##### Materials provided #####
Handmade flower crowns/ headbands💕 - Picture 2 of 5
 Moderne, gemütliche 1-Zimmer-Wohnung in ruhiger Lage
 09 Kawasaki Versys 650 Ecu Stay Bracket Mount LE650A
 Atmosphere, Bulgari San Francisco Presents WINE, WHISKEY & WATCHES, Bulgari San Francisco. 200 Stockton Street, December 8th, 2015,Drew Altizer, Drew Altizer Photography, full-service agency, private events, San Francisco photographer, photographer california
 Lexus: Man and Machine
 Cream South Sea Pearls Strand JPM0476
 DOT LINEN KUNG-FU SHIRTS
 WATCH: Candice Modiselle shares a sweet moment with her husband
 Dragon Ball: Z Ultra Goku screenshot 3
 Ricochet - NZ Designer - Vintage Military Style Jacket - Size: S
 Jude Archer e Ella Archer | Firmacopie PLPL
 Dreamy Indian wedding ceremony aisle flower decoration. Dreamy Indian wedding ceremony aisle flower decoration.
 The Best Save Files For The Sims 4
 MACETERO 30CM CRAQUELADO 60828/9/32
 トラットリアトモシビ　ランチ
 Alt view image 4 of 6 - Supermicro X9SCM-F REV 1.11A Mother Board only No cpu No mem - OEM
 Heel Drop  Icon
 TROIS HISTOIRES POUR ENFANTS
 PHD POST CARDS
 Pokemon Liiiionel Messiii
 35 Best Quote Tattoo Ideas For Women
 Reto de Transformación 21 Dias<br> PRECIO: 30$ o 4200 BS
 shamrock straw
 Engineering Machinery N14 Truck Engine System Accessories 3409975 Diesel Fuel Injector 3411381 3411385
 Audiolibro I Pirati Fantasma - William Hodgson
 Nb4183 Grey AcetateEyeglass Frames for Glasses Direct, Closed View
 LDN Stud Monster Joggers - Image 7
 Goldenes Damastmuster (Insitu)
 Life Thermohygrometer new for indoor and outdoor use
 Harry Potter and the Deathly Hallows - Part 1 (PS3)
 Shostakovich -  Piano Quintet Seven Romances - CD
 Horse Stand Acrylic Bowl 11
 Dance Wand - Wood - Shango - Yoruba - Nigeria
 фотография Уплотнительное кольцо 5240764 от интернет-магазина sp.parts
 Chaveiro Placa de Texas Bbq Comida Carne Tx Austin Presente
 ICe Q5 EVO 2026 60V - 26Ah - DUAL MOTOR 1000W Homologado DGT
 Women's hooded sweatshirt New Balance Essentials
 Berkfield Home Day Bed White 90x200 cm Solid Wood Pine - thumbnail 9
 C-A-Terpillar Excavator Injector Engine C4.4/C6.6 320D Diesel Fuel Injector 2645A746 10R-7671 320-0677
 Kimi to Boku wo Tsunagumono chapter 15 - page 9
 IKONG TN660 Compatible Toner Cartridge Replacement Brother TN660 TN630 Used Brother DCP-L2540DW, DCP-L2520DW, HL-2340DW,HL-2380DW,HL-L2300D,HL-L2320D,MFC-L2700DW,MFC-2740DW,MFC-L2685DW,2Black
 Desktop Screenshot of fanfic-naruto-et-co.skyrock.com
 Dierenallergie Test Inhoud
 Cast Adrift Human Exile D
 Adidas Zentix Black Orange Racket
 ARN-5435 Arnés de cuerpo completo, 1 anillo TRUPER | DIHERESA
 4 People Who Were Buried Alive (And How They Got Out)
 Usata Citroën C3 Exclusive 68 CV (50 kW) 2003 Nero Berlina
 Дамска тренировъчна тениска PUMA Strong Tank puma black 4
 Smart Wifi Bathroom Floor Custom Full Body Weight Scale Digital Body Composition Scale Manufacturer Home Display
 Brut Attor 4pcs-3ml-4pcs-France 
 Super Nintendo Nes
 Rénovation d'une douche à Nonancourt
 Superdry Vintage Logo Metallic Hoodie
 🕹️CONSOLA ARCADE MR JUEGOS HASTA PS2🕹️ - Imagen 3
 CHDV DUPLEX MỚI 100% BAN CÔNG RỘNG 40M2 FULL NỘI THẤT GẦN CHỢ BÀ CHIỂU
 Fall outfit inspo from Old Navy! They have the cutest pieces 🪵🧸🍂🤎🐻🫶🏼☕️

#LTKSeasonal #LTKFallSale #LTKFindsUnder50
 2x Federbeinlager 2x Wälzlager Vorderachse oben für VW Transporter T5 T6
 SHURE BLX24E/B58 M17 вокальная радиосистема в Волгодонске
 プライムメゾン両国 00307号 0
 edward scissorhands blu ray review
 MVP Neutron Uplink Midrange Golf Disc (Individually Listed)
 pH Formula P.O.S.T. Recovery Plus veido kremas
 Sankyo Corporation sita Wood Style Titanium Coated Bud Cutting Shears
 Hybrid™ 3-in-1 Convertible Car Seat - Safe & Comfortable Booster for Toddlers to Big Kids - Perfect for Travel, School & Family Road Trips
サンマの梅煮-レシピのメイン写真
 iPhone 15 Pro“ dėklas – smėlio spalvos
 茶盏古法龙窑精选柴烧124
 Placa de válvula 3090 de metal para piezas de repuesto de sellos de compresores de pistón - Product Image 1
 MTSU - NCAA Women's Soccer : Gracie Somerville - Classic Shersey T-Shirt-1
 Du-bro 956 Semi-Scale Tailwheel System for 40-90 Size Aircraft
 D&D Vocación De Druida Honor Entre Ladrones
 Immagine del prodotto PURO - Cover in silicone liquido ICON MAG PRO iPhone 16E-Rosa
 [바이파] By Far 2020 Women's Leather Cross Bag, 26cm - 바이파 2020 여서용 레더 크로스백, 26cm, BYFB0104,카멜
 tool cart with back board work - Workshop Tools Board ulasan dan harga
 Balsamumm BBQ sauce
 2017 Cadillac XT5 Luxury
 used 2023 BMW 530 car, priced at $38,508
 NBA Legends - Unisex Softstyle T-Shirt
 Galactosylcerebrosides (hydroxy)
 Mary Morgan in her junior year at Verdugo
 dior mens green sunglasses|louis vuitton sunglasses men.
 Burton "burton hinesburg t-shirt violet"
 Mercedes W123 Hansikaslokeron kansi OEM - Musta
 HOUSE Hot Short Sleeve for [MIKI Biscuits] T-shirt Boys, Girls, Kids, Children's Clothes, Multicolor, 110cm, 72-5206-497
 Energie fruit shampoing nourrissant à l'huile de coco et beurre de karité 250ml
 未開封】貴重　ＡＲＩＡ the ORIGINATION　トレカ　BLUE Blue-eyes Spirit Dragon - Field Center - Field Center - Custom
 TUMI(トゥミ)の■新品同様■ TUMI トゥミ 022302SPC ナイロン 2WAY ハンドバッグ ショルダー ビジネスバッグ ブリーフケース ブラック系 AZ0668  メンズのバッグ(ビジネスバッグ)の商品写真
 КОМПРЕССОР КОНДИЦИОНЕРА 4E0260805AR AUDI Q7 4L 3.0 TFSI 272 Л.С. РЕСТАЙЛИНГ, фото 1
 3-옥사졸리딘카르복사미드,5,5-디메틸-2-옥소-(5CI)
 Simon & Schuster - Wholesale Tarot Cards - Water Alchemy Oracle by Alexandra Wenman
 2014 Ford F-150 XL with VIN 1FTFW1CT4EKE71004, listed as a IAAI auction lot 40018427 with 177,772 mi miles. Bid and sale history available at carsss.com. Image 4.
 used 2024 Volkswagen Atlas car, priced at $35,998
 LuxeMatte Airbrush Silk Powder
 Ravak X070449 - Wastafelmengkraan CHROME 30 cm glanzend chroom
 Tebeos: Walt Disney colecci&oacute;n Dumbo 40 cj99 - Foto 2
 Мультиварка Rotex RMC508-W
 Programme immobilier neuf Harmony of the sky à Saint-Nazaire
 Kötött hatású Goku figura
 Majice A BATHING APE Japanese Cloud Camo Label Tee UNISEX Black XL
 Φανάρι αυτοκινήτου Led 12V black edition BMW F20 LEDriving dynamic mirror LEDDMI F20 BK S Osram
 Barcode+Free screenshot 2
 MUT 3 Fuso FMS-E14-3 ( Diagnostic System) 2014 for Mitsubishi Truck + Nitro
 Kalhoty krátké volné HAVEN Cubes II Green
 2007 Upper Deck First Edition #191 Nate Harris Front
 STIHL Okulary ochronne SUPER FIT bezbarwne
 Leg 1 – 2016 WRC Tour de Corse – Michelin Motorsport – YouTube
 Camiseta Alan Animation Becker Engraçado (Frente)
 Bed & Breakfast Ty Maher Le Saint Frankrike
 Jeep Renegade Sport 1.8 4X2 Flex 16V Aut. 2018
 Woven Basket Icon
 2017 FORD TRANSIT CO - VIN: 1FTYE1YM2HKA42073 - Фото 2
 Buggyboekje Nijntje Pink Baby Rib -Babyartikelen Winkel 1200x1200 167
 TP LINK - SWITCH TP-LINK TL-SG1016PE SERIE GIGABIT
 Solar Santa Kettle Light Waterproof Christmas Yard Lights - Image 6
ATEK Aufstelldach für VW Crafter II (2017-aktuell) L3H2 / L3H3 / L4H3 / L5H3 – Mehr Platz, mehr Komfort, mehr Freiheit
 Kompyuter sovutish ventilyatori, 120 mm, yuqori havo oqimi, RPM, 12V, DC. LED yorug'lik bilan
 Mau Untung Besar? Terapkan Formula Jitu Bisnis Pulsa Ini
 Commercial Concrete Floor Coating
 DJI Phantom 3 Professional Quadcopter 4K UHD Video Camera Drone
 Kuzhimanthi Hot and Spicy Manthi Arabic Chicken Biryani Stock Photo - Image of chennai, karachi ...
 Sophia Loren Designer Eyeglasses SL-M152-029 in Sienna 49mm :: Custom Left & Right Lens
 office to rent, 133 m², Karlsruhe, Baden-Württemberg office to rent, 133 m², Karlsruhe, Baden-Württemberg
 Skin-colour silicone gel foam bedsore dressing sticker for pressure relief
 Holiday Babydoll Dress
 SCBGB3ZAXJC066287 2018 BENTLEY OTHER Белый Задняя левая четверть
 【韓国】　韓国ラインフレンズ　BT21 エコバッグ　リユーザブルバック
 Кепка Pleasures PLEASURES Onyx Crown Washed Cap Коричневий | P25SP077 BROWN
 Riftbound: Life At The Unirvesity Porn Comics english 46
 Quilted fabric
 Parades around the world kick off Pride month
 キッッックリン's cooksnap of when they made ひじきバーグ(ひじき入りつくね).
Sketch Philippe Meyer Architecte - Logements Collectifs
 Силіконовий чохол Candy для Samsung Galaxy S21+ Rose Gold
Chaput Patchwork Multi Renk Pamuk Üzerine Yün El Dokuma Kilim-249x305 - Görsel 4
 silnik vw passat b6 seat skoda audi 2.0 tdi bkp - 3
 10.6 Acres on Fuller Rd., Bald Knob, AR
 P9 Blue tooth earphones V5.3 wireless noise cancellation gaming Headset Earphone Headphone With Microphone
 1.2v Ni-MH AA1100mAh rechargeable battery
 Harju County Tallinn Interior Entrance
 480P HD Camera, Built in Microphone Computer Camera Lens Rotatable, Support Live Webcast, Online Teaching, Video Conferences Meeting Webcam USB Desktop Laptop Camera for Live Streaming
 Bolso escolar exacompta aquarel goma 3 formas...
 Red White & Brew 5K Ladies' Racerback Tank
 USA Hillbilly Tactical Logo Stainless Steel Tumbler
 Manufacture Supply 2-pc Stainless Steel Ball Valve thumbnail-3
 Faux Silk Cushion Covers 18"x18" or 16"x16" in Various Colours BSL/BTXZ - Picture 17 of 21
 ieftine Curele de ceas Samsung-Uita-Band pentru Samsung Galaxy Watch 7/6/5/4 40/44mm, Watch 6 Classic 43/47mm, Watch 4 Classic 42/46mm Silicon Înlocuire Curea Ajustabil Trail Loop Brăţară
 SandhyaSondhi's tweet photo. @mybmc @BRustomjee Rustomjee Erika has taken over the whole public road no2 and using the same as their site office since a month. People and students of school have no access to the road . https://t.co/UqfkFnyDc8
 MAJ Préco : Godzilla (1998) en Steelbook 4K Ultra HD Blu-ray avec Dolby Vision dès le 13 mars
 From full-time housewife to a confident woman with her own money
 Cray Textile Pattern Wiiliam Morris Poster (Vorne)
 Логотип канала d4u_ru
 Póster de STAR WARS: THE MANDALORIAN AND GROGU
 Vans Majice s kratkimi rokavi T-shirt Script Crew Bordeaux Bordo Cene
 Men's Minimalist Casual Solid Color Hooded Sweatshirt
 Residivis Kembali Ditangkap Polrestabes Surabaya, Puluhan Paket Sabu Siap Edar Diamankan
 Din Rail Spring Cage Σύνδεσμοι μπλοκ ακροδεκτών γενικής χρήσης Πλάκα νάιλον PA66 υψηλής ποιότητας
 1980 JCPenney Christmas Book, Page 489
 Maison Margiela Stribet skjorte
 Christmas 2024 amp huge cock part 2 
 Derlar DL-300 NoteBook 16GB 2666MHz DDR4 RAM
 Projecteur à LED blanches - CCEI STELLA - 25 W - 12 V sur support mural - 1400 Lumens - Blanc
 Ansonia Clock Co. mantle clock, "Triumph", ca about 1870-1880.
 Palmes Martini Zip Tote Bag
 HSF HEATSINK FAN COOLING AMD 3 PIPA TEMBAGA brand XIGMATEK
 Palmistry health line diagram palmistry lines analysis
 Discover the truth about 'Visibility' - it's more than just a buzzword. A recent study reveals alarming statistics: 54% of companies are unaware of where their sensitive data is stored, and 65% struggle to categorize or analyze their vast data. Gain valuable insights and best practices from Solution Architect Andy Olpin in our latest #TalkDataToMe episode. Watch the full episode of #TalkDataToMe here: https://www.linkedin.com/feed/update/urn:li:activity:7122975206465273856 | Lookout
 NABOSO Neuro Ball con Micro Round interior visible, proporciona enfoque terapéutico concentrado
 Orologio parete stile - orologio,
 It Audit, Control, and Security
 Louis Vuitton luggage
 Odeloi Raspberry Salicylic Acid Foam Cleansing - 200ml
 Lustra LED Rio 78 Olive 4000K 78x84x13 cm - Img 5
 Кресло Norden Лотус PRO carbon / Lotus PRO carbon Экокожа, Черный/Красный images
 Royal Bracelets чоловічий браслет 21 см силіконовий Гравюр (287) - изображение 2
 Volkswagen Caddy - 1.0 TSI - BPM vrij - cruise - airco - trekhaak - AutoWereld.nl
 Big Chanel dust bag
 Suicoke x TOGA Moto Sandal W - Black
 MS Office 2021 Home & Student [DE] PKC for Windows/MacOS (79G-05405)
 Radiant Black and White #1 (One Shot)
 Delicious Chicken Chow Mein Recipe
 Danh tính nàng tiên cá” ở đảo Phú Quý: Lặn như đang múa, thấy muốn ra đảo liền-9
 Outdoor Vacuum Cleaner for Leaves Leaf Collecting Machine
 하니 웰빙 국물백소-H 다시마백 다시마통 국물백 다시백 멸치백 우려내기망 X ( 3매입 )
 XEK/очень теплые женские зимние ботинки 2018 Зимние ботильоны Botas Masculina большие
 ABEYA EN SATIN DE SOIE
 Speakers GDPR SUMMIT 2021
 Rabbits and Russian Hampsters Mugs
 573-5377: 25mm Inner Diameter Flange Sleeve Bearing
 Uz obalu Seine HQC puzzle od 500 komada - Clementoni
#####
• **Work request**
The answer is the lines above between the line holding "Leg 1 – 2016" and the line holding "ATEK Aufstelldach für", inclusive, each written out exactly, and no others.

• **Answer section**
 Leg 1 – 2016 WRC Tour de Corse – Michelin Motorsport – YouTube
 Camiseta Alan Animation Becker Engraçado (Frente)
 Bed & Breakfast Ty Maher Le Saint Frankrike
 Jeep Renegade Sport 1.8 4X2 Flex 16V Aut. 2018
 Woven Basket Icon
 2017 FORD TRANSIT CO - VIN: 1FTYE1YM2HKA42073 - Фото 2
 Buggyboekje Nijntje Pink Baby Rib -Babyartikelen Winkel 1200x1200 167
 TP LINK - SWITCH TP-LINK TL-SG1016PE SERIE GIGABIT
 Solar Santa Kettle Light Waterproof Christmas Yard Lights - Image 6
ATEK Aufstelldach für VW Crafter II (2017-aktuell) L3H2 / L3H3 / L4H3 / L5H3 – Mehr Platz, mehr Komfort, mehr Freiheit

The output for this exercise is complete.